Stepwise Model Builder - Linear Regression Introductory Overview

The purpose of the Statistica Stepwise Model Builder - Linear Regression module is to facilitate the identification of linear regression models based on predictors chosen by the user at each step. The final linear regression model can then be saved in XML/PMML form or directly deployed to Statistica Enterprise.

The module will compute continuous and categorical predictors with multiple degrees of freedom, and automatically move the latter into/out of the regression equation in single steps.

At each step, Statistica will compute various statistics for predictors in the current model, and predictors (predictor candidates) not in the current equation. Statistics reflecting on the overall model quality are also computed.

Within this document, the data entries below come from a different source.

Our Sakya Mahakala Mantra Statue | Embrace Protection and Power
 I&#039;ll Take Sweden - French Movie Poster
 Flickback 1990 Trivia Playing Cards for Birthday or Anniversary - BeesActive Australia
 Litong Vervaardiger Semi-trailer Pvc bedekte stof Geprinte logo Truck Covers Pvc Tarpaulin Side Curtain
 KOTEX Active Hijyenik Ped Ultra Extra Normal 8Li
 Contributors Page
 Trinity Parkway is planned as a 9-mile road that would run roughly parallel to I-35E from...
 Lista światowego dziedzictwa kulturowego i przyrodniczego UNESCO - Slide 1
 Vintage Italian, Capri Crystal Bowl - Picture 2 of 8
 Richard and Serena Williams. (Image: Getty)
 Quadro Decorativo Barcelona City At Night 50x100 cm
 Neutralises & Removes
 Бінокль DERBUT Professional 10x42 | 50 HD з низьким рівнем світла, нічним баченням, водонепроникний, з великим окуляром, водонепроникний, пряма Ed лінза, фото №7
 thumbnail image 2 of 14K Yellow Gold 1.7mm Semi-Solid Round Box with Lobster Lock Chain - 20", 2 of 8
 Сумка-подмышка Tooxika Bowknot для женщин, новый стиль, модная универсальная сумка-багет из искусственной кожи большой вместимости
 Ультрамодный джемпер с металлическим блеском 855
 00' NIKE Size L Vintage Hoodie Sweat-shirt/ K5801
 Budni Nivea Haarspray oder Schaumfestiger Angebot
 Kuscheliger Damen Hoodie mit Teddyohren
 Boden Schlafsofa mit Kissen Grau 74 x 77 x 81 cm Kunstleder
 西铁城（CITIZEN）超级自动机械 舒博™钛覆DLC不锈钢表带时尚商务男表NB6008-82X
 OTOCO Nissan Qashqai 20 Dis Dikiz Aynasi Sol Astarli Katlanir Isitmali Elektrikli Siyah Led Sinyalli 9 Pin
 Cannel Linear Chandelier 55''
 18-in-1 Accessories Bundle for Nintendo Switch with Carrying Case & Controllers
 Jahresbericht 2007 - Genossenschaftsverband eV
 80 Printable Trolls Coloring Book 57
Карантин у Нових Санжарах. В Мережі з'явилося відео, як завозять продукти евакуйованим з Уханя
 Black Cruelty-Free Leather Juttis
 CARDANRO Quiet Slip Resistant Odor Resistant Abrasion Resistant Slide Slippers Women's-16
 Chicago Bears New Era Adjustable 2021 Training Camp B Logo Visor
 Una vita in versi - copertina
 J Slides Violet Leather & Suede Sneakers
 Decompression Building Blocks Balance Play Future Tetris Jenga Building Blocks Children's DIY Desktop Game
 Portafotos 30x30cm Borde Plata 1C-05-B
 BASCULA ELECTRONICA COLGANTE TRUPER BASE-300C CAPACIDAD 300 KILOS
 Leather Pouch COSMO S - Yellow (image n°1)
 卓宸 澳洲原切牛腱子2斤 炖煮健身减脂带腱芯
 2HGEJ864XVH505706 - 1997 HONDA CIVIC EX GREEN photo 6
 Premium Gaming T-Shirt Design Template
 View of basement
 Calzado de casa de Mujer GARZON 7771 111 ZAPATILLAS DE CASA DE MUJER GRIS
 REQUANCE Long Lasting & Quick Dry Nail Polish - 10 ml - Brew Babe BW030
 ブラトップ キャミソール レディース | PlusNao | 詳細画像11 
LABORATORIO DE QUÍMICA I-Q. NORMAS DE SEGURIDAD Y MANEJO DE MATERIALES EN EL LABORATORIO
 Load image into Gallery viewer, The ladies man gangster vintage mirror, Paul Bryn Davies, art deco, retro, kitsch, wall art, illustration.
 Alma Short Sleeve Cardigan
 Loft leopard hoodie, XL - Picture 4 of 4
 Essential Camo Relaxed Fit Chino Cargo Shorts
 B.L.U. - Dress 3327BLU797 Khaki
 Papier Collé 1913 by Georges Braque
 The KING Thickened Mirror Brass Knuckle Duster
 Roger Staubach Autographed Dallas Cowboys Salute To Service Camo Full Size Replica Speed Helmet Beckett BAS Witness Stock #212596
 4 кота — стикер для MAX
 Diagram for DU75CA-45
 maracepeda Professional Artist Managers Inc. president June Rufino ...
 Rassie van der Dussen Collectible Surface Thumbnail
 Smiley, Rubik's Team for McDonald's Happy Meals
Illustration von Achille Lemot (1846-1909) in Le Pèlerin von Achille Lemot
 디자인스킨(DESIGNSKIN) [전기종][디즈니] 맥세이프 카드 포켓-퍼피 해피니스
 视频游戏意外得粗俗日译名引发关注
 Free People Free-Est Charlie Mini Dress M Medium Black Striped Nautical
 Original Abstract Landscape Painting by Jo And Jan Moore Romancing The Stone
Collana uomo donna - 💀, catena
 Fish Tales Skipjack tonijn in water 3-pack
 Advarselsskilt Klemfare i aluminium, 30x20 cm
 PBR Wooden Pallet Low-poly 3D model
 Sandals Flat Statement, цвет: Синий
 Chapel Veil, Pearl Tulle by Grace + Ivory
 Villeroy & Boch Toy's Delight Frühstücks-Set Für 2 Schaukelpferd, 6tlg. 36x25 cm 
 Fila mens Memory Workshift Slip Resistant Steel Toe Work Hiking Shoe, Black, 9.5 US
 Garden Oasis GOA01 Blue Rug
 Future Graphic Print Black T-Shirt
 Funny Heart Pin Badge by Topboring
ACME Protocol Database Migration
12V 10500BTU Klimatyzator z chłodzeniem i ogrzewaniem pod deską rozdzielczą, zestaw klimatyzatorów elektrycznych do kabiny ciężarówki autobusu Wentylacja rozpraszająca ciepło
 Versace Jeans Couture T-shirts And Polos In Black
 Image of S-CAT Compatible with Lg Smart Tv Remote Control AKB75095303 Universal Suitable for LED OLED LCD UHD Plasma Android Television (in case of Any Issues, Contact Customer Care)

Thus, you can build models by manually selecting the most important predictors into the regression equation one step at a time, using criteria of statistical significance for the prediction as well as policy and other criteria. By moving selected variables or groups of variables into the prediction and equation, and removing others from that equation, what-if (scenario) analyses are possible to assess the impact of certain model assumptions, policy, or regulatory constraints (for example, on predictors that are not permitted). Thus, analysts can build models that are parsimonious, consistent with policies, guidelines, and regulatory constraints, but are also as accurate as possible.

Linear Regression

The general purpose of multiple regression is to learn more about the relationship between several independent or predictor variables and a dependent or criterion variable

Personnel professionals customarily use multiple regression procedures to determine equitable compensation. You can determine a number of factors or dimensions such as "amount of responsibility" (Resp) or "number of people to supervise" (No_Super) that you believe to contribute to the value of a job. The personnel analyst then usually conducts a salary survey among comparable companies in the market, recording the salaries and respective characteristics (that is, values on dimensions) for different positions. This information can be used in a multiple regression analysis to build a regression equation of the form:

Salary = .5 * Resp + .8 * No_Super

Once this so-called regression line has been determined, the analyst can now easily construct a graph of the expected (predicted) salaries and the actual salaries of job incumbents in his or her company. Thus, the analyst is able to determine which position is underpaid (below the regression line) or overpaid (above the regression line), or paid equitably.